**Supplied material**.

-*-

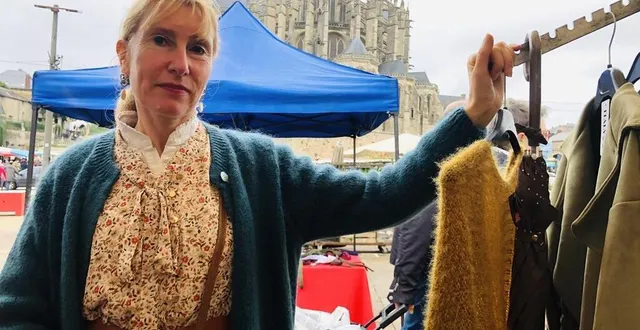 photo  typhaine, vendeuse de textile et bijoux depuis 15 ans sur le marché des jacobins.  &copy;  le maine libre 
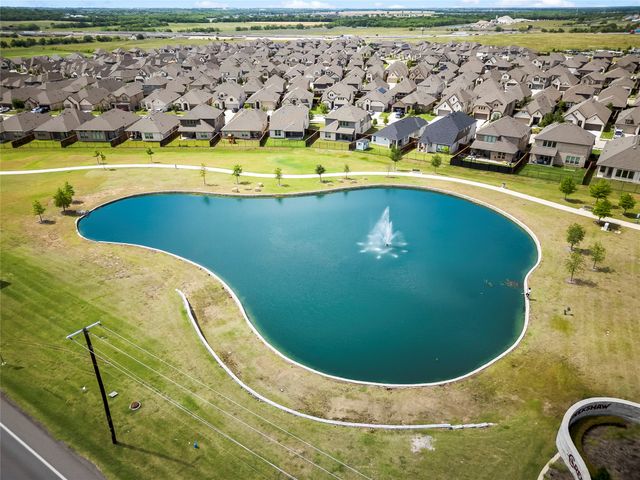 5036 Stream Turn Drive, Royse City, TX 75189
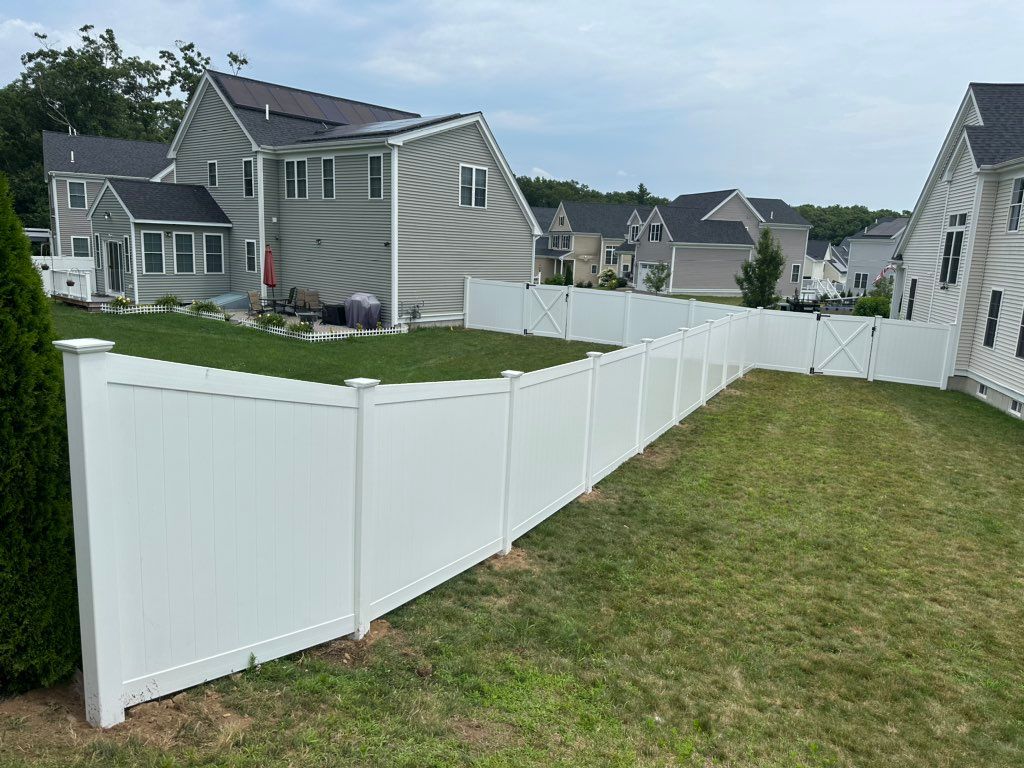 Vinyl fence in wonsoket ri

-*-

**What you are asked to do**. Within the listing above, find the line containing "5036 Stream Turn Drive, Royse City, TX 75189", then print it and every line after it exactly, leaving out pictures.

**Answer**.
 5036 Stream Turn Drive, Royse City, TX 75189
 Vinyl fence in wonsoket ri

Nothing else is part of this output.